Currently, Nvidia sells for a P/E ratio of around 60. This multiple is low compared to some growth-oriented tech stocks trading today. It might also seem reasonable considering that in fiscal 2022, revenue climbed 61% year over year to $26.9 billion. Also, during the same period, net income of $9.8 billion increased by 125%.

Aside from the triple-digit income growth, the stock price increased by nearly 740% over the last five years, around eight times as much growth as the S&P 500 over that time.

Unfortunately for Nvidia investors, the stock has become a victim of the overall economic environment. It has not experienced the approximate 60% decline that has hit growth tech funds such as the Ark Innovation ETF. Still, like its rival, Advanced Micro Devices, Nvidia has experienced a stock price drop of almost 35%. This does not compare well to Apple, which experienced a more modest 15% correction.

Still, Apple sells for a P/E ratio of just over 25, which may explain the more muted decline. Also, with tech stock prices falling, investors are less likely to buy any stock at a premium, even one that produces strong results like Nvidia.

An overlooked danger for Nvidia

Moreover, Nvidia has become disconnected from reality in terms of its overlooked political risk. Nvidia is fabless, meaning its chip fabrication depends on outsourcing manufacturing to East Asia, a region with more than its share of political tension these days.

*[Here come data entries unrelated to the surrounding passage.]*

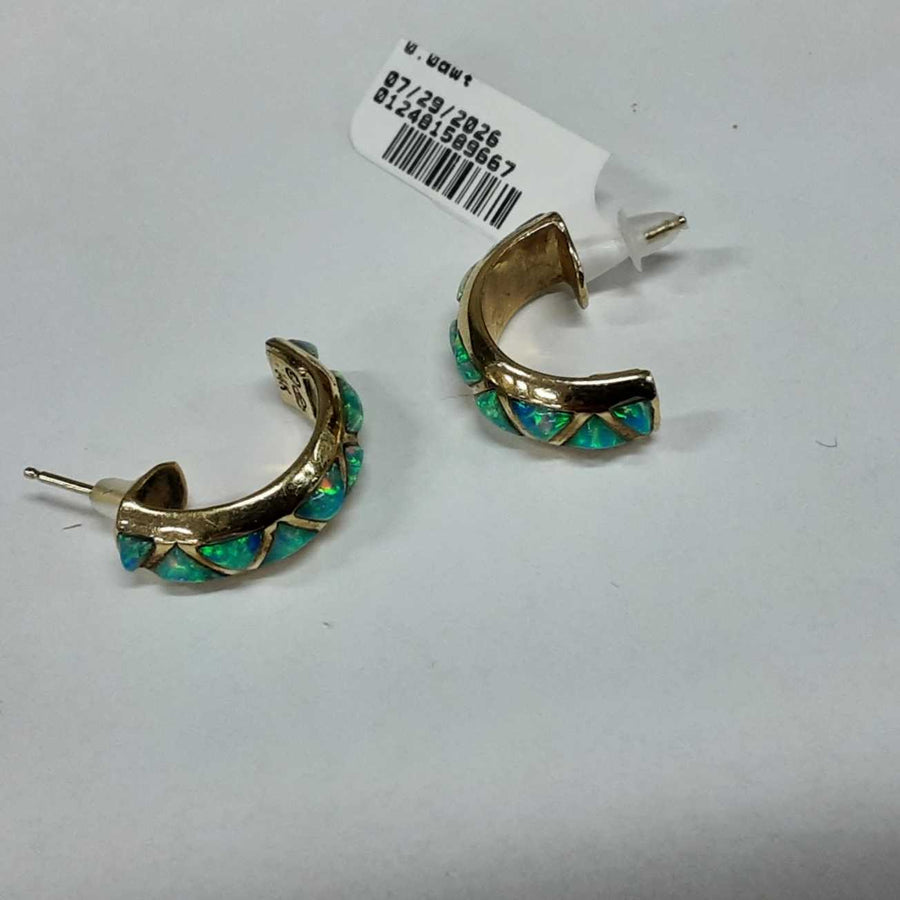 Earrings - Yellow Gold 14k (.585) 6.1 grams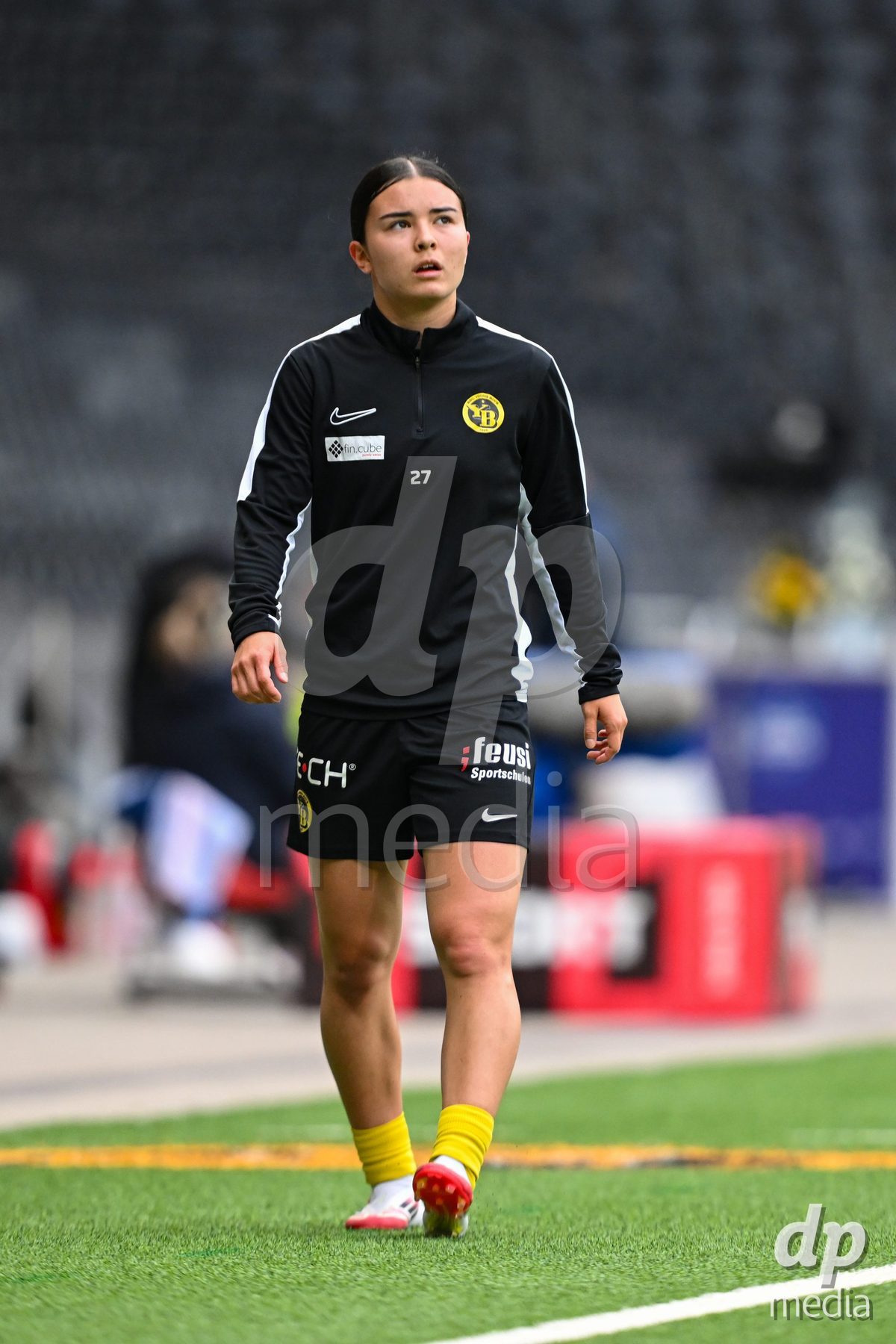 17/05/2025, Bern, Stadion Wankdorf, Women's Super League Final 2: BSC YB Frauen - GC Frauenfussball,  #7 Naomi Luyet (BSC YB Frauen)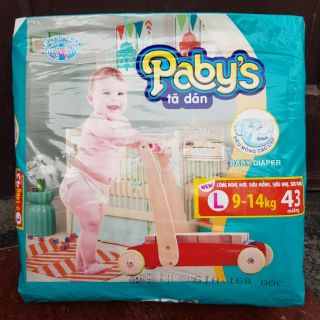 Bỉm Dán Paby’s thạch thảo . Combo 2 gói S/98M/92,L/86,XL/82! miếng + 1 miếng bỉm qùân cùng loại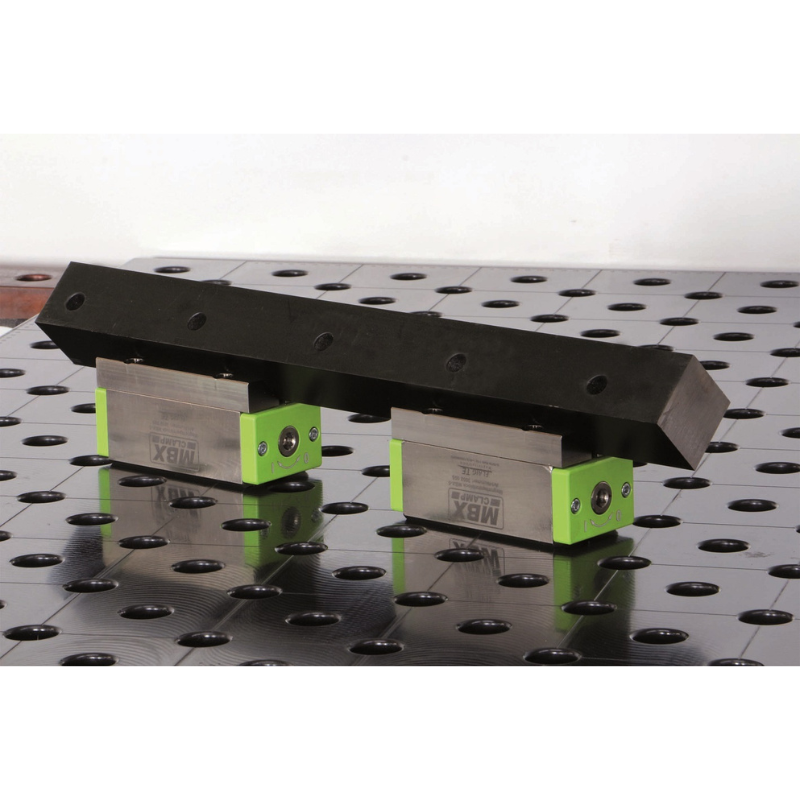 Mag-Mate Magnetic Clamping Blocks Holding Steel Square Piece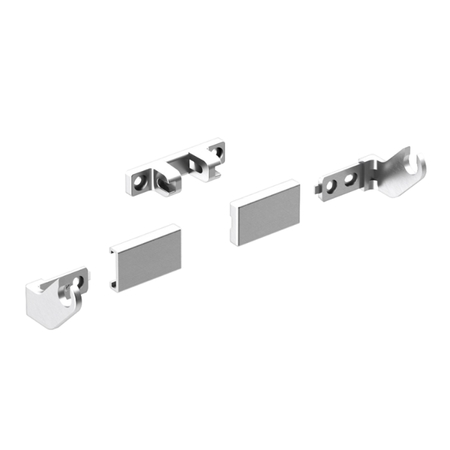 Kit staffe 1123.16 Master per attuatore a catena Apro, applicazione su finestra vasistas, universale, finitura Bianco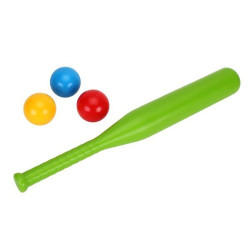 Набор для игры в бейсбол, 3 шара, в сетке 53*6см, ТМ Технок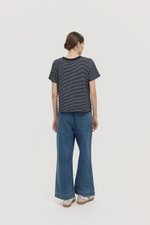 HANES STRIPED COTTON TEE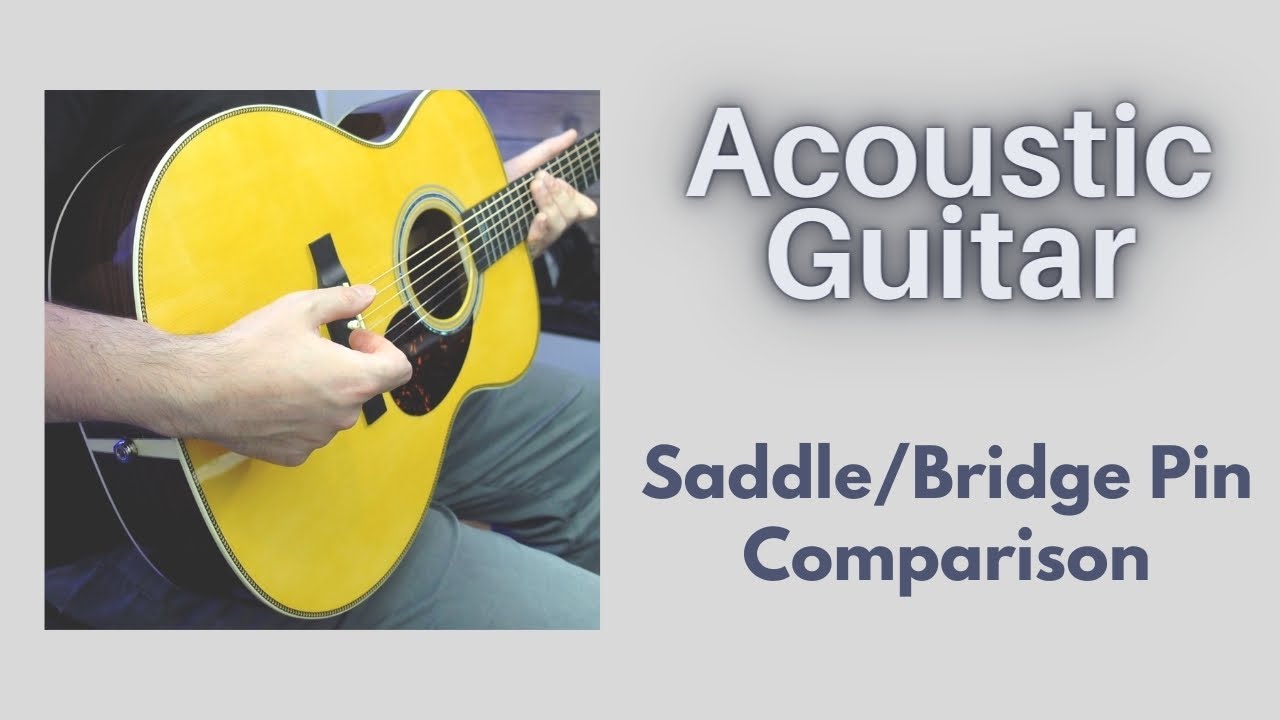 Acoustic Guitar - Plastic vs Bone vs Luxe Bridge Pins (feat. The Martin OMJM)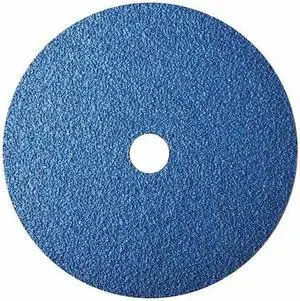 ZORO SELECT 78072775360 Fiber Disc,7",7/8" Hole Mount,Blue,PK25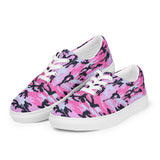 I'm's The Pink in This Camo World Lace-Up Canvas Shoes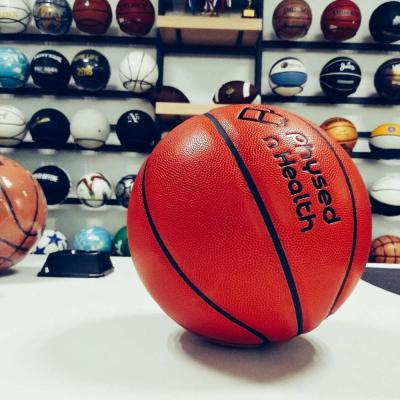 China Professional Custom Japanese Microfiber Game Leather Indoor Basketball Training And Practice Basketball for sale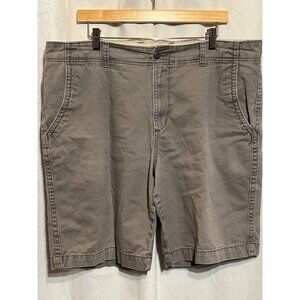 Old Navy Broken IN Mens Classic Fit Gray Chino Shorts Size 38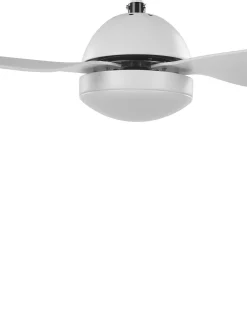 Discount Beliani Tuuletinvalaisin Metalli Valkoinen Toplica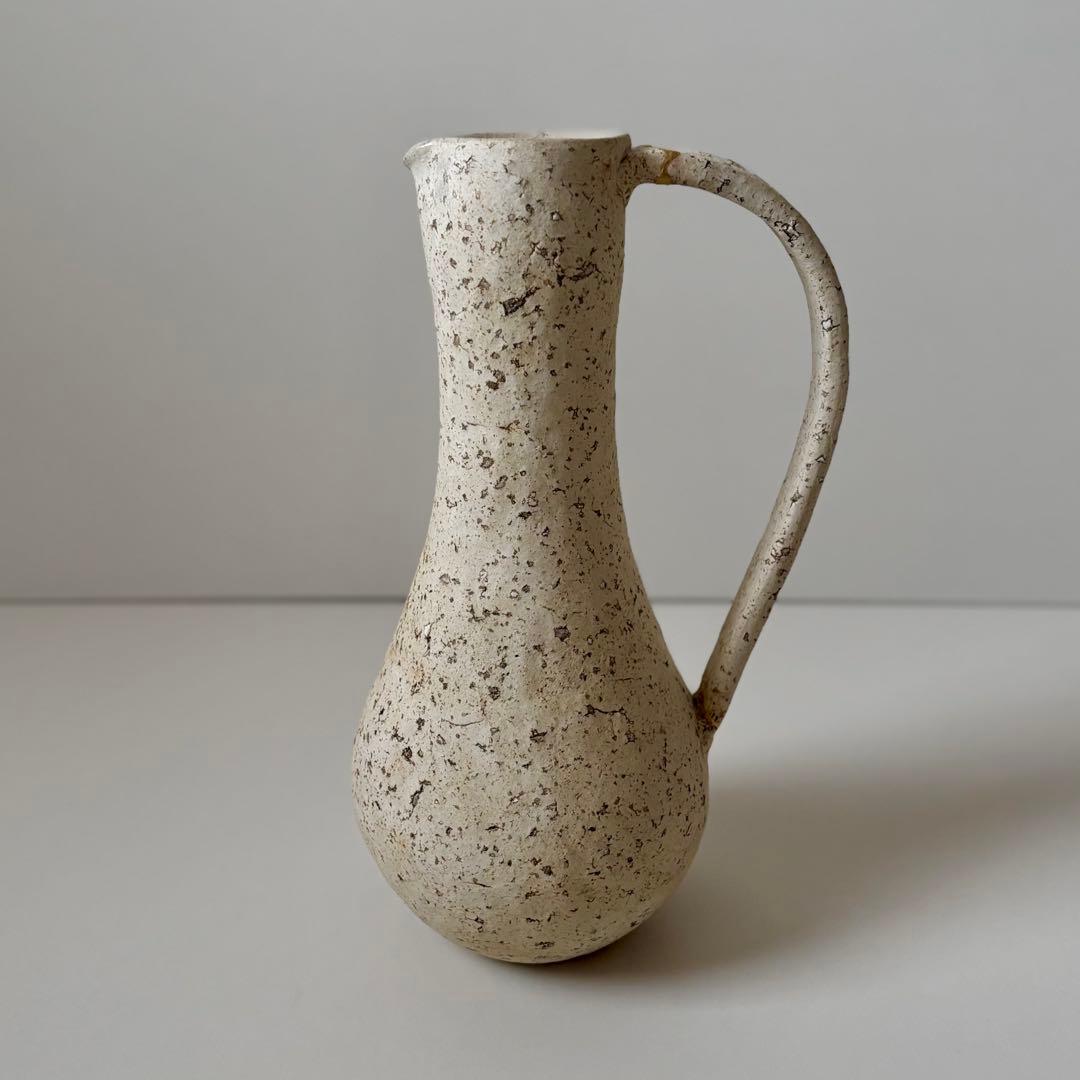 未使用品 内田京子 加彩 ピッチャー 花器 花瓶 フラワーベース 内田鋼一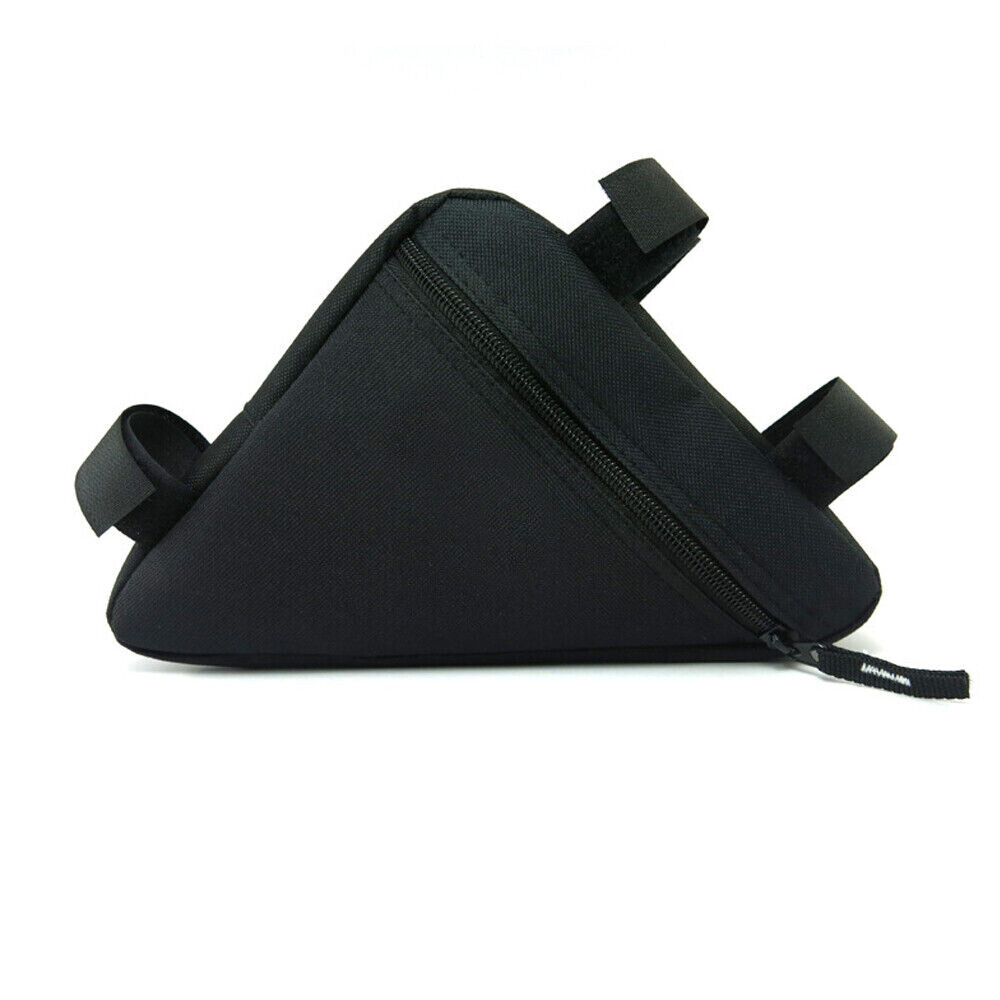 Bike Front Handlebar Bag Bicycle Storage Triangle Saddle Fra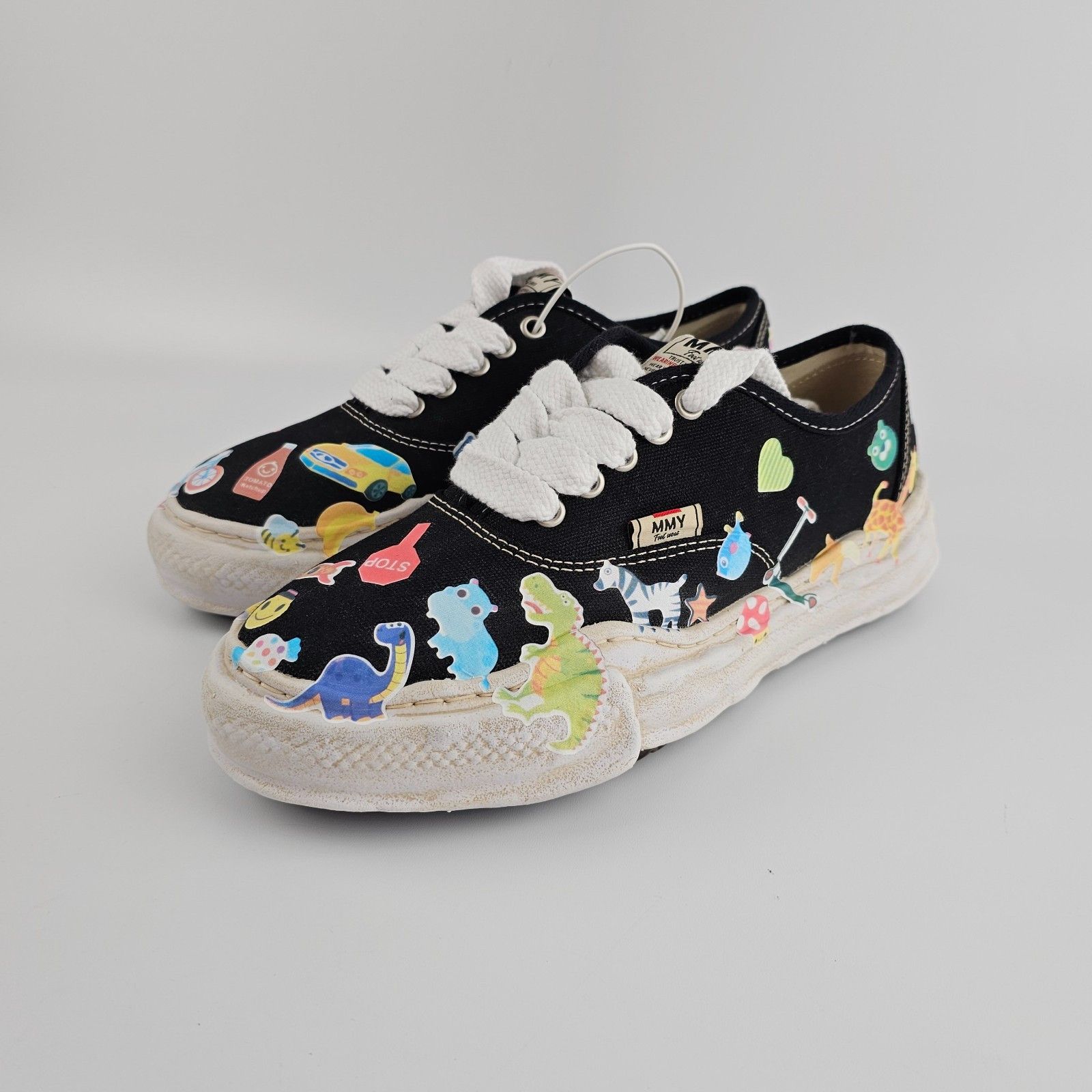 Other Mihara Yasuhiro Baker Black Canvas Sneakers New & Authentic Size US 11 / EU 44 - 1 Thumbnail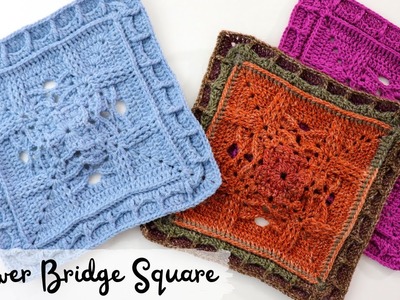 Crochet The Flower Bridge Square. Beginner Friendly Tutorial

Much of this risk revolves around the primary foundries it depends on to produce its chips, the largest of which is Taiwan Semiconductor Manufacturing (TSM -0.36%). Because the company produces most of its chips in Taiwan, TSMC effectively puts Nvidia in the middle of Taiwan's tensions with China. Because China needs Nvidia's semiconductors just like every other country does right now, it could act as a deterrent to an escalation in hostilities. Still, the situation should concern Nvidia stockholders since Taiwan has been under threat of Chinese invasion for decades.

Furthermore, in the foundry industry, TSMC holds the technical lead and produces just over half of the world's chips, according to TrendForce. This strongly links Nvidia's fortunes to TSMC's prosperity.

Investors should also note that TSMC's stock has not escaped this political risk. Despite the severe chip shortage, TSMC has not sold for more than 40 times earnings in recent years. Also, even with a technical lead, it currently trades at a 25 P/E ratio.

Furthermore, Nvidia's other primary foundry, Samsung, faces similar political dangers with its South Korea-based foundries. This risk and TSMC's lower multiple could lead investors to question the wisdom of paying a premium for Nvidia when it effectively faces the same political risks as its primary foundries.

Trading Nvidia amid the political risk

Nvidia's technical lead and massive revenue growth should mean that the stock beats the S&P 500 over time. However, investors should consider holding out for a much lower valuation.

With almost all tech stocks falling, stockholders should not expect it to buck overall market trends. Moreover, most of its chip production occurs in a region dealing with geopolitical tensions. This probably means that if TSMC deserves to trade at a discount, so does Nvidia.